Foto: Republika/Iman Firmansyah
Tersangka kasus merintangi, mencegah atau menggagalkan secara langsung atau tidak langsung penyelidikan perkara KTP Elektronik dengan tersangka Setya Novanto Fredrich Yunadi tersenyum saat akan memasuki gedung KPK untuk melakukan pemeriksaan di Kantor KPK. Jakarta, Selasa (16/1).

REPUBLIKA.CO.ID, JAKARTA -- Kuasa hukum tersangka kasus penghalangan penyidikan Fredrich Yunadi, Sapriyanto Refa resmi mengajukan permohonan praperadilan atas kliennya ke Pengadaan Negeri Jakarta Selatan, Kamis (18/1).
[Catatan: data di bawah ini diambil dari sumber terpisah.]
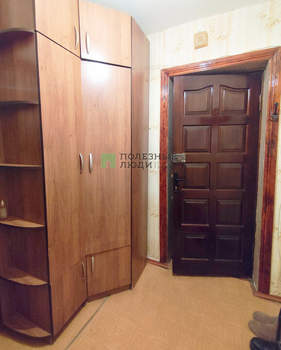 2-к квартира, вторичка, 50м2, 4/5 этаж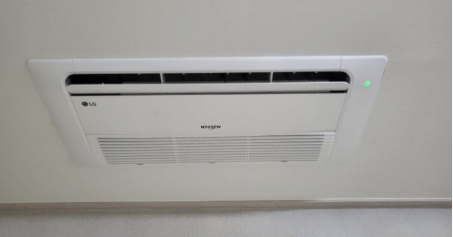 에어컨 청소 방법 및 에어컨 청소 업체 가격 비교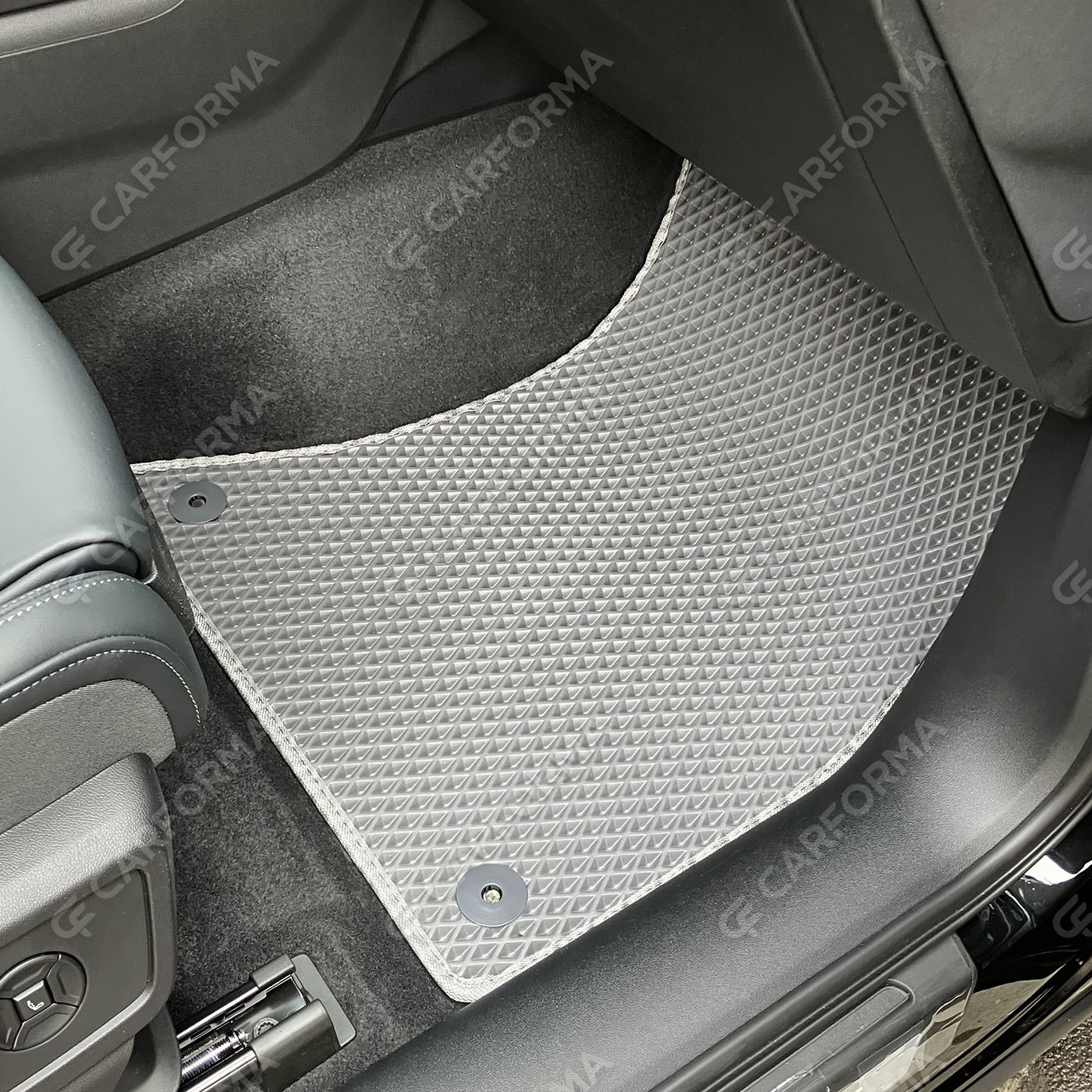 Коврики на Audi Q5 III 2024&nbsp;-&nbsp;2026 в Ставрополе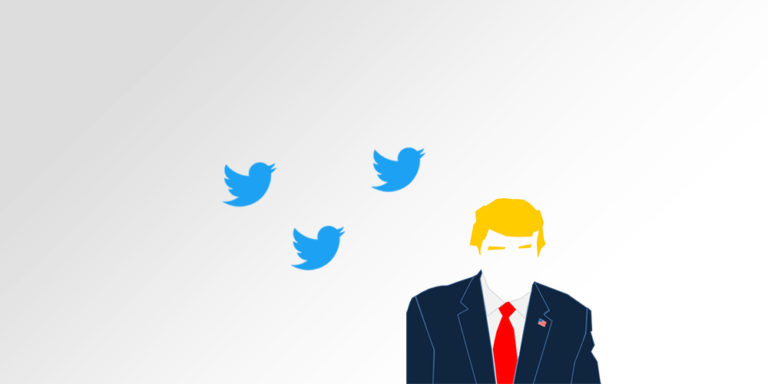 The Incredible Shrinking Trump Presidency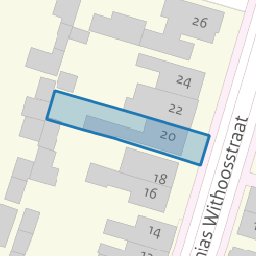 Perceel AMF00-D-4060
Sapriyanto mengungkapkan tiga hal yang membuat pihaknnya mengajukan praperadilan terhadap Komisi Pemberantasan Korupsi (KPK).

Hal pertama, menurut Sapriyanto, penetapan tersangka terhadap Fredrich dianggapnya tidak sah. Hal ini lantaran menurutnya alat bukti yang digunakan pihak KPK tidak cukup. Untuk diketahui, sesuai KUHAP, untuk menetapkan seseorang sebagai tersangka diperlukan dua alat bukti pendukung.
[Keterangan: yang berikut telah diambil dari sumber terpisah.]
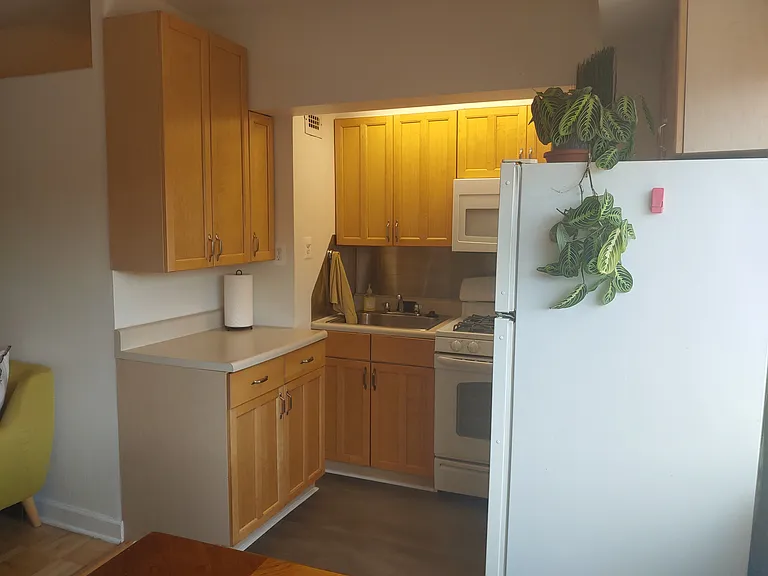 3701 Connecticut Ave NW #716 — Photo 14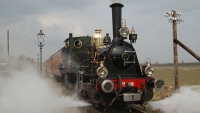 Stoomtrein (onderbouw)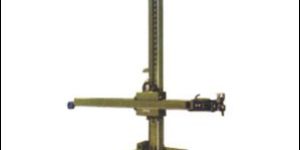 Column & Boom Manipulator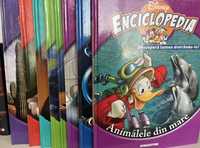Enciclopedia Disney. Ediție de lux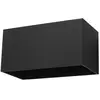 Image de Applique Sollux Lighting Quad Maxi TU
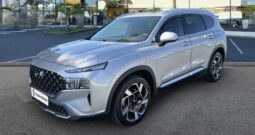 HYUNDAI Santa Fe 2.2 CRDI 202ch Executive DCT-8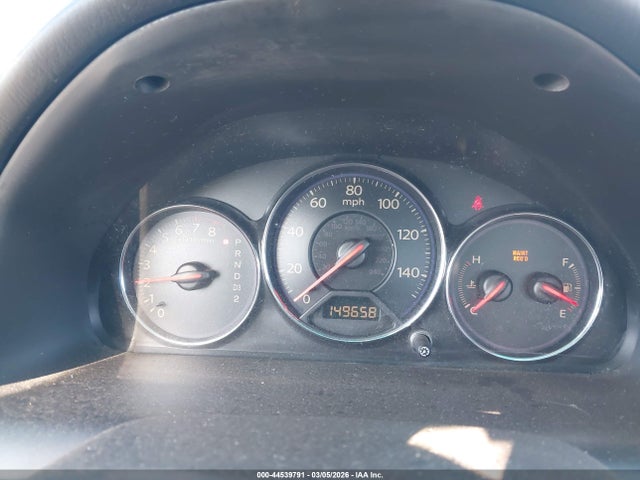 2003 HONDA CIVIC 2HGES26783H564447 Photo 6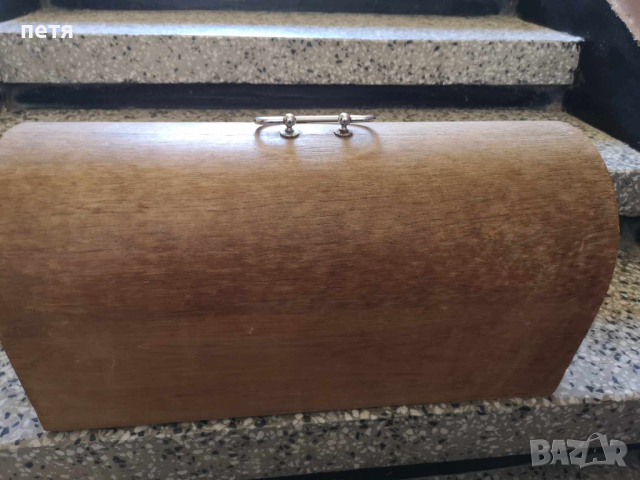 старинна шевна машина, снимка 3 - Антикварни и старинни предмети - 44806631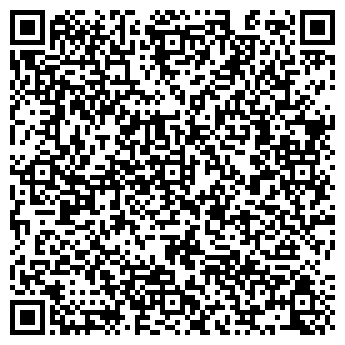 QR-код с контактной информацией организации ООО "VIVA Деньги" Конаково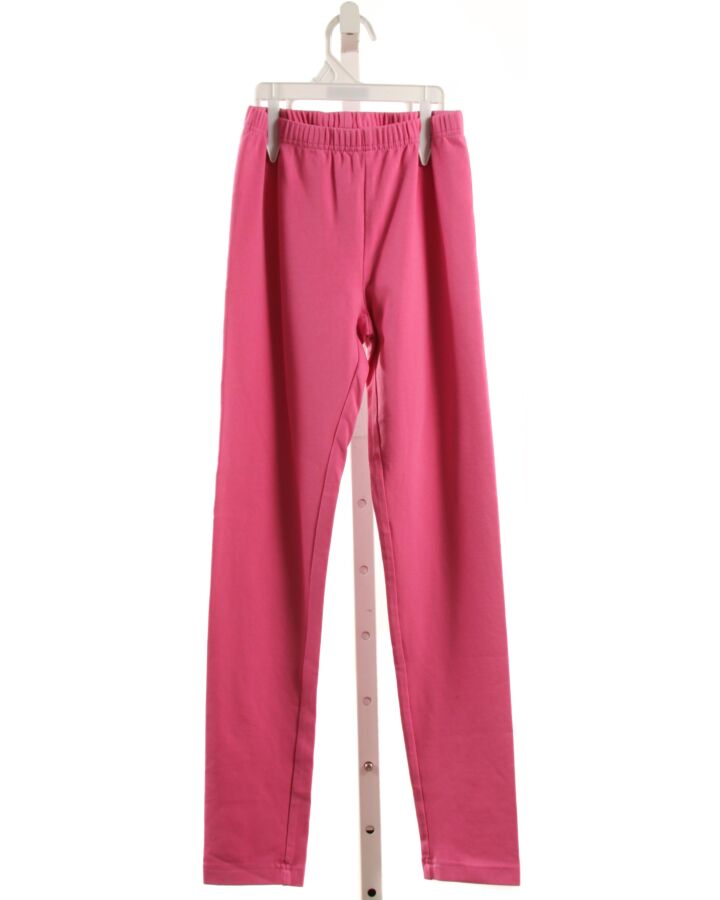 HANNA ANDERSSON  PINK    LEGGINGS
"Kita menganggap dua bukti permulaan itu yang cukup, tidak terpenuhi dalam penetapan pak Fredrich sebagai tersangka," ujar Satriyanto di PN Jakarta Selatan, Jakarta, Kamis (18/1).

Kedua, penyitaan yang dilakukan KPK menurut Sapriyanto juga tidak sah karena tidak dilengkapi keputusan pengadilan. Selain itu, kata dia, penyitaan alat bukti yang dilakukan juga tidak merujuk pada tindak pidana yang dituduhkan pada Fredrich.

Seharusnya, barang bukti yang dicari adalah dalam rangka menemukan barang bukti yang digunakan untuk pasal yang dituduhkan pada Frederich, yakni perkara obstruction of justice atau perbuatan menghalangi penegakan hukum yang dituduhkan pada Fredrich sesuai Pasal 21 Undang-Undang Nomor 31 Tahun 1999.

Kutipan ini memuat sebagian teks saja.